# taz.de -- Jagdverbot in Norwegen: Wölfe gegen Regierung 2:0
       
       > Auf Betreiben der Landbevölkerung bläst Oslo zur Jagd auf den
       > Beutegreifer – auch in Schutzzonen. Zumindest Letzteres hat ein Gericht
       > nun gestoppt.
       
 (IMG) Bild: Grauwölfe in Norwegen
       
       Stockholm taz | Die Begründung ist eine Ohrfeige für die norwegische
       Regierung: Die habe es versäumt, vor ihrer Genehmigung auch nur die
       „grundlegend erforderlichen Bewertungen vorzunehmen“, urteilte nun das
       Osloer Amtsgericht. Damit ist der Beschluss des Osloer Umweltministeriums
       von kurz vor Weihnachten, 25 Wölfe in geschützten Zonen zum Abschuss
       freizugeben, endgültig für rechtswidrig erklärt. Schon Anfang Januar hatte
       das Gericht die Genehmigung in einer vorläufigen Anordnung gestoppt.
       
       25 Wölfe entspricht nach einer recht kräftigen Bejagung der Wölfe in den
       letzten Jahren einem Viertel des verbliebenen norwegischen Bestands.

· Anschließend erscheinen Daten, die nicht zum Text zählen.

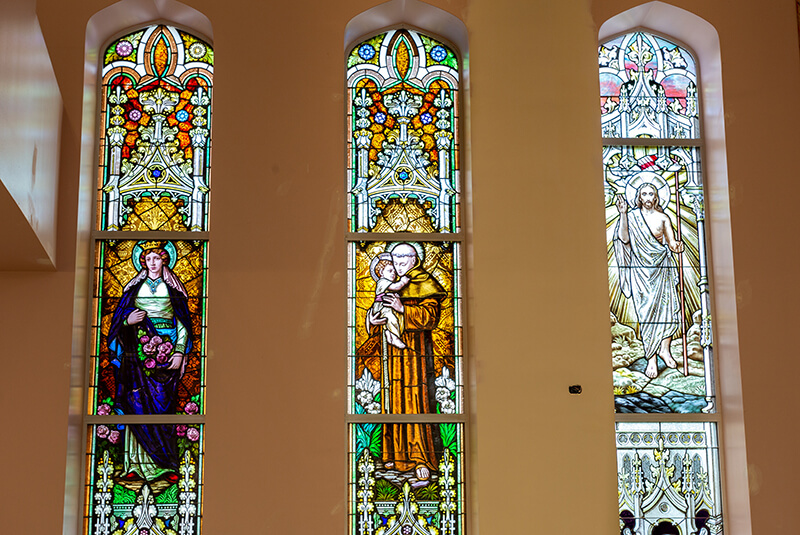Three stained-glass windows depicting religious figures at Amazing Grace Senior Living Chapel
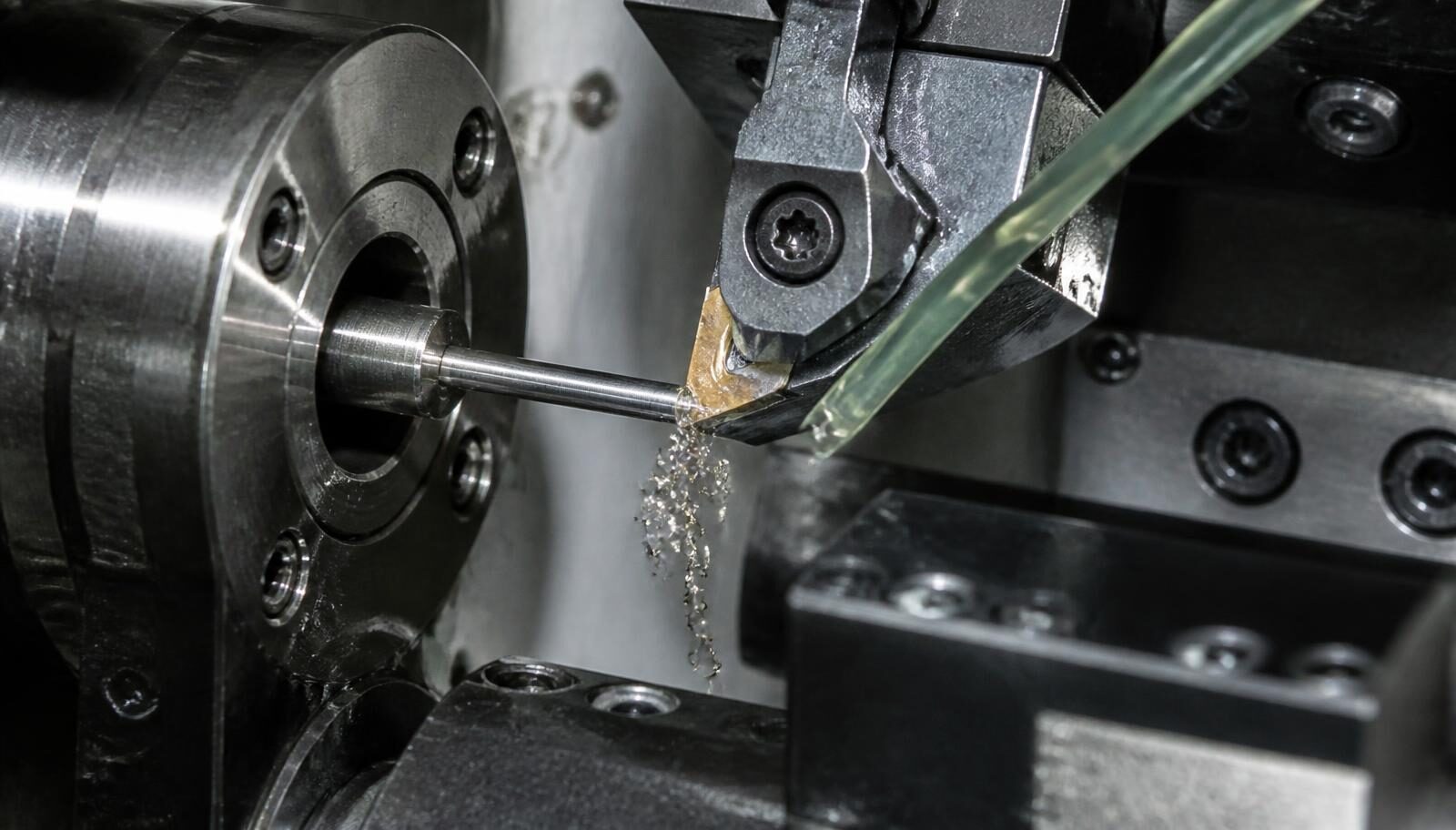Close-up of a slim stainless bar being turned near the guide bushing inside a Swiss-type CNC lathe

       [1][Zudem sollte die Jagd in Revieren stattfinden, die von
       Vorgängerregierungen ausdrücklich von einer Jagd ausgenommen worden waren –
       in speziellen „Ulvesonen]“. Das sind Regionen, in denen Wölfe grundsätzlich
       geschützt sind. Außerhalb dieser Gebiete gibt es wiederum Zonen, wo die
       Etablierung eines Wolfsbestands „unerwünscht“ und die Jagd möglich ist.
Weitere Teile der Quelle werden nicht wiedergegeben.